Do your job as a parent. Show love. Teach. Encourage. Support. Wipe the tears. Don’t make excuses nor allow excuses. Your child’s future depends on it. In life and in athletics.

Monday, December 3, 2018

One More Chat


I don’t want this to seem dark and gloomy. I want it to be something else entirely. But some life experiences this week caused me to think of my dad, who died in 1997.

Maybe it was the family gathered for Thanksgiving. Maybe it was when I sat with a dad that had just lost his son. I spent some time with my own son and that was part of it. Maybe that’s just the way these things work.

My dad was a simple man. He dropped out of school after the 6th grade to go to work in a factory to support his family after his own dad had died. Think about that. Can you imagine sending your 12 year old off to work?

He was 16 when the Great Depression hit in 1929. Work was scarce so he moved from his hometown of Sweetwater to Knoxville, where he had a single room in the basement of a building and worked at jobs whenever he could find them.

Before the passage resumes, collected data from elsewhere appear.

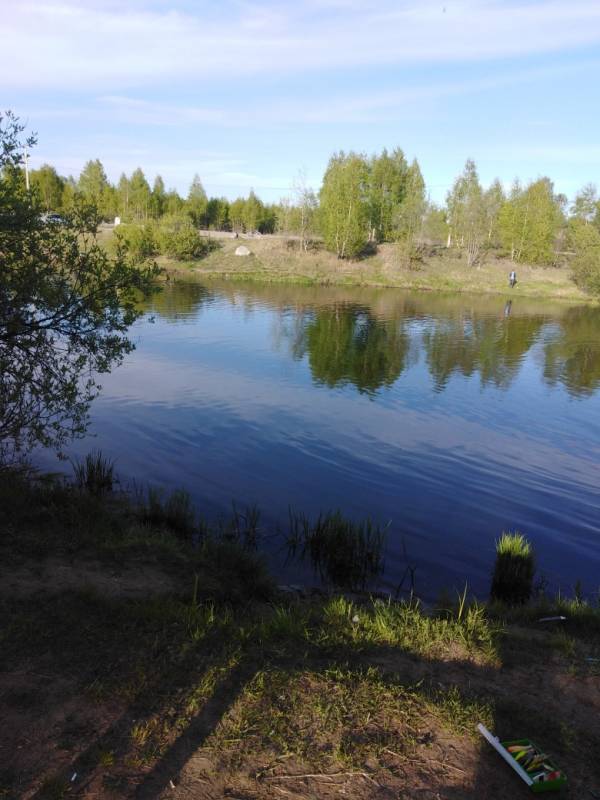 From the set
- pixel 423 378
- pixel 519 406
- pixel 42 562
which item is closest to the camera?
pixel 42 562

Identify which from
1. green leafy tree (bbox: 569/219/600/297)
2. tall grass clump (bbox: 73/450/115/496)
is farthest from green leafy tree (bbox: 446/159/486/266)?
tall grass clump (bbox: 73/450/115/496)

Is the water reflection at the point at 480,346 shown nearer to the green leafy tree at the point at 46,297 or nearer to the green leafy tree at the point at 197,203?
the green leafy tree at the point at 46,297

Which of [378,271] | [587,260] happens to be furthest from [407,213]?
[587,260]

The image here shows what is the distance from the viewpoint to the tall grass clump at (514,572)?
9953 millimetres

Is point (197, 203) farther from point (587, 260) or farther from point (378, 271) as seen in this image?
point (587, 260)

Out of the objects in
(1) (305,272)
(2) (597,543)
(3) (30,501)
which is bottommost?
(2) (597,543)

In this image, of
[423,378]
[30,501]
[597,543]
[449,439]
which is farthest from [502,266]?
[30,501]

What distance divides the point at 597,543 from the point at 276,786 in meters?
10.1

He married my mom in 1941 and was the “old guy” at 30 in his Navy unit when he went off to war in 1943, serving in the south Pacific on the USS New Jersey. After the war, he moved to Loudon and got a job at the hosiery mill there. When a new factory opened, he moved there for better opportunities.

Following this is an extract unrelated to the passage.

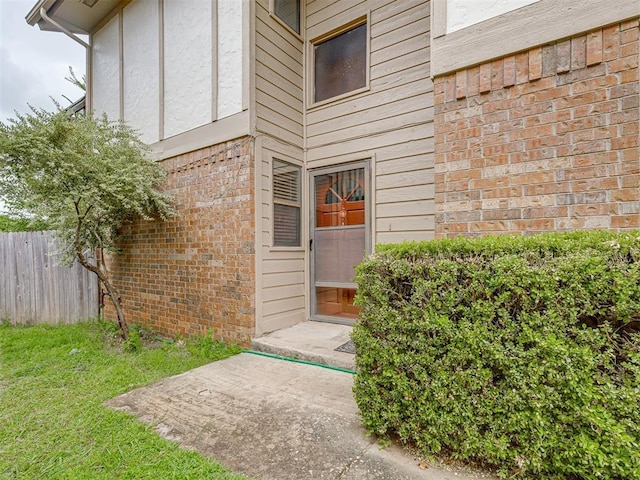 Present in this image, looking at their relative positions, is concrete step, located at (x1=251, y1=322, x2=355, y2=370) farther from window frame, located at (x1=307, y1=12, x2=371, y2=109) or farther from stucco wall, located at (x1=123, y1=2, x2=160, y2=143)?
stucco wall, located at (x1=123, y1=2, x2=160, y2=143)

He had his first heart attack at age 45, and was forced into retirement ten years later. My summer job all through college was at that same factory. It was hot, nasty work but it paid well.

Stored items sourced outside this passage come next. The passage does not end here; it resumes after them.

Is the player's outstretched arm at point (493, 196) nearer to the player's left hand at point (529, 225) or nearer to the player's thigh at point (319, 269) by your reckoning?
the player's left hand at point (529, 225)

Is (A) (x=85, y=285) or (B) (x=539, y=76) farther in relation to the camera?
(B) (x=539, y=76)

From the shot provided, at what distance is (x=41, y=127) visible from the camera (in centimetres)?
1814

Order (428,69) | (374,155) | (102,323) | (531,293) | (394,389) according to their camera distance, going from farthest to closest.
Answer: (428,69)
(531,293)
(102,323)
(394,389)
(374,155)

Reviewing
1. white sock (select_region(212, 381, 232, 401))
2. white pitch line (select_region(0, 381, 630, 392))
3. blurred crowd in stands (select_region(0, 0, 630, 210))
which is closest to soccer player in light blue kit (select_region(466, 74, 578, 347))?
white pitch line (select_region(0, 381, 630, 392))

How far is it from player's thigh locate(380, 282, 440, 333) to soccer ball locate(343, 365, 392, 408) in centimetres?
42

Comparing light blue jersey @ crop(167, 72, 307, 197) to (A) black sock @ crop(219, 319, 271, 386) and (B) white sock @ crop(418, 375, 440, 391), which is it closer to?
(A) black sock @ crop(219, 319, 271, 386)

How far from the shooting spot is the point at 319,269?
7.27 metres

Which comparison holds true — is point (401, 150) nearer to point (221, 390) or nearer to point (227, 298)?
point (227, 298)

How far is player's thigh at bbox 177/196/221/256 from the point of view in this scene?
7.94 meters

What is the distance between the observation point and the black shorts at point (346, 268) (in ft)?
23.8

What I heard from those guys at that factory that had worked with my dad was that Carl Black was a hard worker. They told me that he always seemed to be going 100 miles per hour…that he often did the job of two people and looked for more.

He raised bees and strawberries, always had a huge garden, and each fall would help local farmers kill hogs to get some of the meat. He was always tinkering in his workshop and seemed to be able to fix anything. He was proud of his ice cream freezer, home-made and one of the first in our neighborhood to run off an electric motor. I was never hungry and I was never cold.

I guess I got my work ethic from him. I’m pretty sure I got my ambition from him. Not attending college wasn’t an option for me. I’ve wondered aloud how that came to be. I now realize it was probably from my dad, who never had that opportunity.

He was a little man, 5’6” and 145 pounds at his biggest. Sports were never an option for him but he became my biggest supporter in whatever I did. Because of his heart problems, he could never attend my football games. Doctors decided it was too much excitement for him. But I know he was always sitting at home alone, listening to the radio broadcast of my games.

Because of the blood thinners he took for almost half his life, he was always cold. He loved the hottest days of summer when he was finally comfortable. The last good memories I have of him are sitting with him in church and putting my always warm hands on his cold hands, then napping in the afternoon with him in the apartment he and my mom shared. He was gone the next day.

Like everyone, I would like one more visit with my dad, one more time to talk to him. I don’t have to think hard to know what I would say. I would tell him about the wondrous things that his grandchildren have done and introduce him to my own grandchildren. I would tell him about my life since his death. I know he would be proud that I went back to school and got my doctorate. Being able to call me Dr. Joe Black would have been his proudest moment.

But I would have only one question for him. “Dad, did I do OK?” Hug on somebody today.